EXERCISE: The entries below are to be written out exactly, with no images included.
[[ RAW DATA open ]]
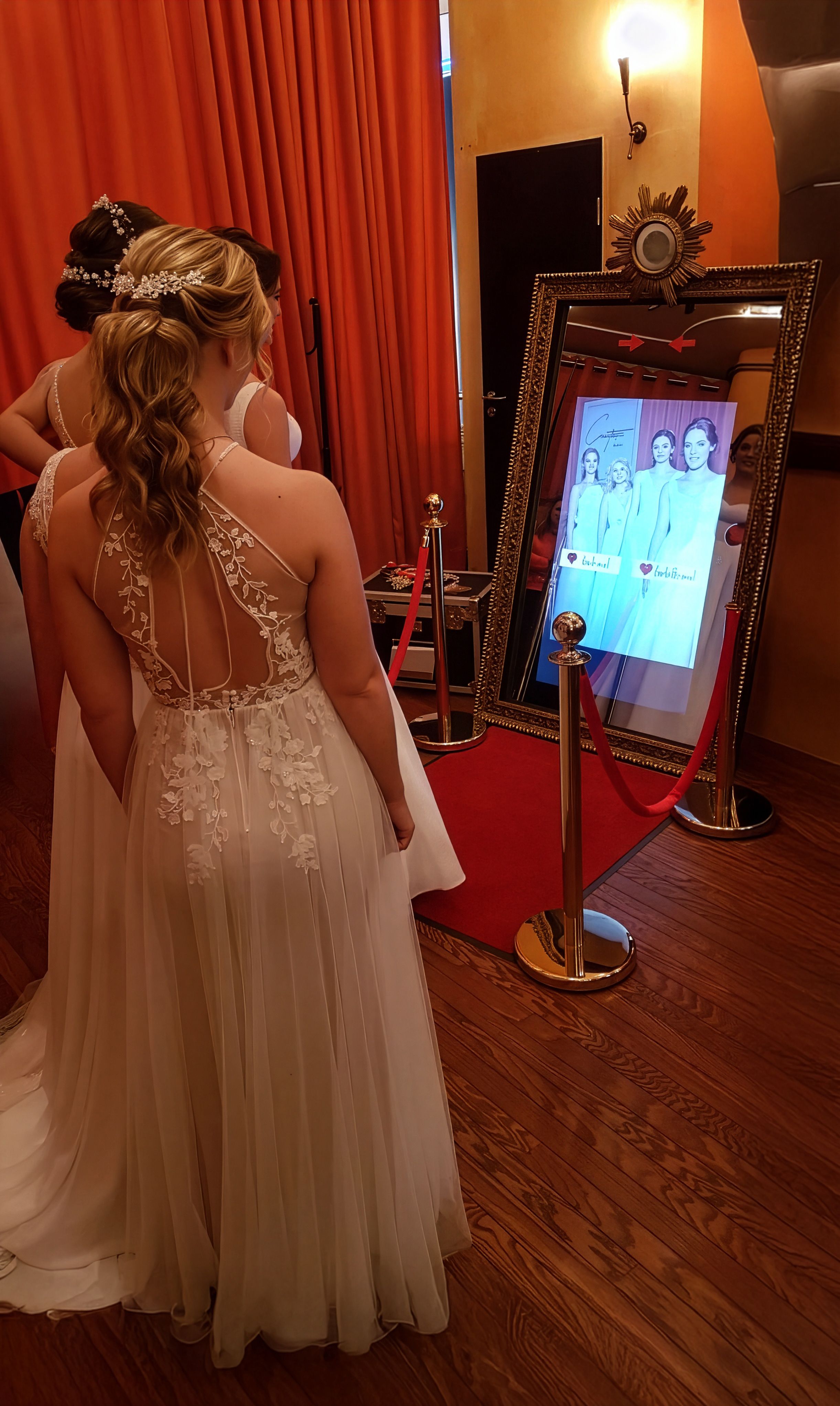 Vier lachende Frauen am Flash-U Fotospiegel bei einer Hochzeit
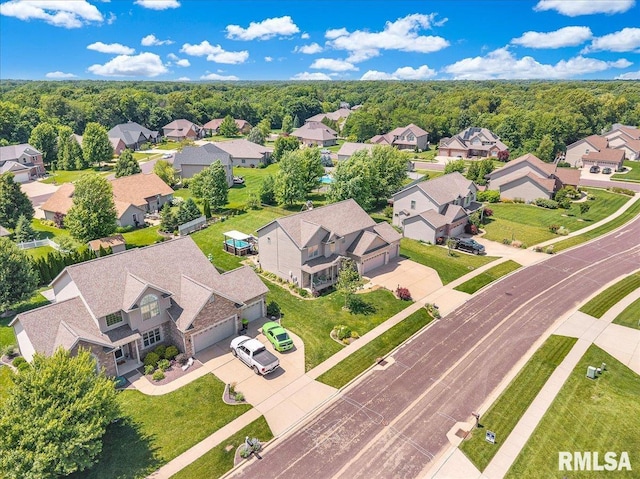 1712 Rustic Oak Dr, Washington, IL 61571 - aerial view of residential area featuring a forest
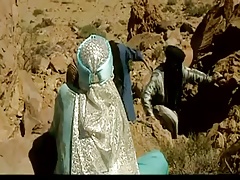 Three Arabs fucks hot Arabian  slut in desert .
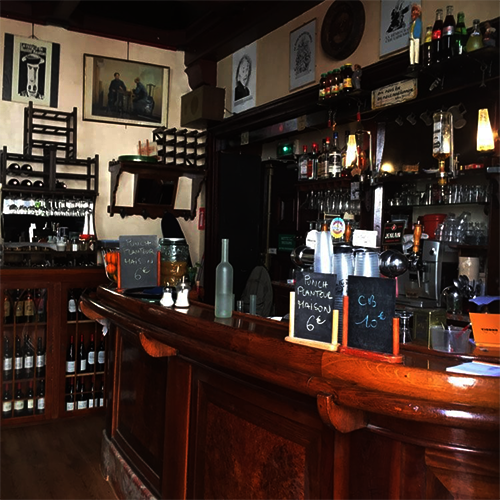 Photo intérieur de notre bar le Bab-Ilo concert jazz bar stand-up, situé au 9 rue du Baigneur Paris 75018, , ou l'on peut voir le comptoir en bois, un aperçu des boissons proposées et quelques tableaux, affiches, représentations au mur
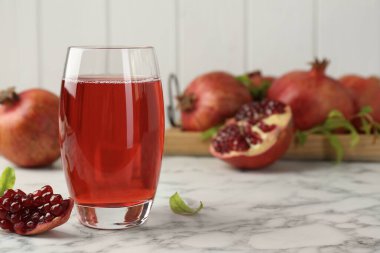 Bardakta lezzetli nar suyu ve beyaz mermer masada taze meyve. Metin için boşluk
[[ RAW DATA closed ]]
TASK ANSWER:
 Vier lachende Frauen am Flash-U Fotospiegel bei einer Hochzeit
 1712 Rustic Oak Dr, Washington, IL 61571 - aerial view of residential area featuring a forest
 Three Arabs fucks hot Arabian  slut in desert .
 Photo intérieur de notre bar le Bab-Ilo concert jazz bar stand-up, situé au 9 rue du Baigneur Paris 75018, , ou l'on peut voir le comptoir en bois, un aperçu des boissons proposées et quelques tableaux, affiches, représentations au mur
 Bardakta lezzetli nar suyu ve beyaz mermer masada taze meyve. Metin için boşluk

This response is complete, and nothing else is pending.